======== RECORDED DATA ========

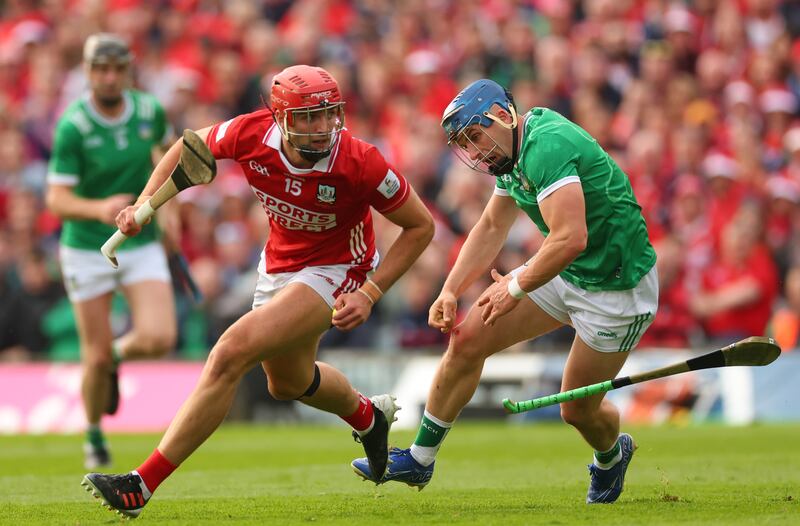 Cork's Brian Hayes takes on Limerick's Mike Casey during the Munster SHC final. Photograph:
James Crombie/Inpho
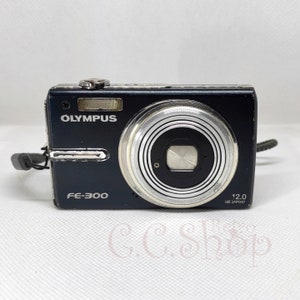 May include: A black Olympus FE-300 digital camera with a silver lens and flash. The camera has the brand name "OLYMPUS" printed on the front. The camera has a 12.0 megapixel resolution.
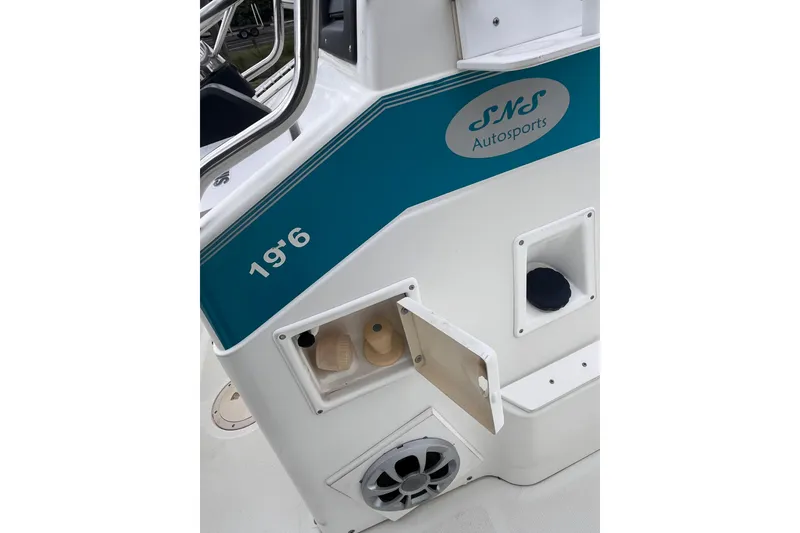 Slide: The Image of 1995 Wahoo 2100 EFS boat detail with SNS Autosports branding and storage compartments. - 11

========

WORK TO BE COMPLETED: Dropping every picture, restate the material word for word.

EXPECTED ANSWER:
 Cork's Brian Hayes takes on Limerick's Mike Casey during the Munster SHC final. Photograph:
James Crombie/Inpho
 May include: A black Olympus FE-300 digital camera with a silver lens and flash. The camera has the brand name "OLYMPUS" printed on the front. The camera has a 12.0 megapixel resolution.
 Slide: The Image of 1995 Wahoo 2100 EFS boat detail with SNS Autosports branding and storage compartments. - 11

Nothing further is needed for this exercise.